Jamala said that she was aware of the political component of her victory, but that’s not the way she wants it to be.

“I’m a musician, a songwriter,” she said. “All these things are not for me. Russia, Ukraine – all this squabbling, it’s out of place here.”

That’s a surprising attitude coming from the singer who represented the country suffering from Russia’s invasion with a song about “the strangers” who come to one’s house to kill.

It would have been a fitting viewpoint if Jamala performed at the Eurovision one of her light-hearted pop-jazz hits. But she entered the contest with a song about the deportation of Crimean Tatars by Soviet authorities, and did so two years after Russia, the Soviet Union’s successor, illegally stole Crimea and started the oppression of Crimean Tatars, forcing many of them to flee the peninsula again in a tragic historic recurrence.

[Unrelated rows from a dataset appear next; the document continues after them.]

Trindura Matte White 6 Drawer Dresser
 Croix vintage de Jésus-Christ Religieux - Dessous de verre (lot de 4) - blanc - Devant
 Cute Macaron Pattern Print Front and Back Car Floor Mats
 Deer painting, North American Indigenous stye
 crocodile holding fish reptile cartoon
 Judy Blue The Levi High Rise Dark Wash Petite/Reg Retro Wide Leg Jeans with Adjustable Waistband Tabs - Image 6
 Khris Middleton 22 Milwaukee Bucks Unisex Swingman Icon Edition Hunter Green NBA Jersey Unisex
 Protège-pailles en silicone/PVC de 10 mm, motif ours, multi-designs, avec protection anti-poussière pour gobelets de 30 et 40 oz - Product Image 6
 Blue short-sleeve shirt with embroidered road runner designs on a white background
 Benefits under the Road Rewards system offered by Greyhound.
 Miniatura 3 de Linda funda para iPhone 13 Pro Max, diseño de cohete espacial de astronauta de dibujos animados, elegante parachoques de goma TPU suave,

As the votes came in, Ukrainian viewers hardly cared about the quality of the songs. What was happening on the screen was a small yet sweet victory of Ukraine over Russia, symbolic revenge that came two years after Russia started its war against Ukraine.

The politics, or as Jamala puts it, “squabbling,” was a component of her win. Eurovision, besides music, has always reflected politics.

As Ukraine analyst Timothy Ash has written: “For the Eurovision novices out there, a tip: it is not really about the songs. It is the one chance in the year when you find out what nations really think about each other.”

Denying the political angle isn’t just inaccurate. It minimizes that special night when a suffering nation found itself in unfamiliar position: As winners.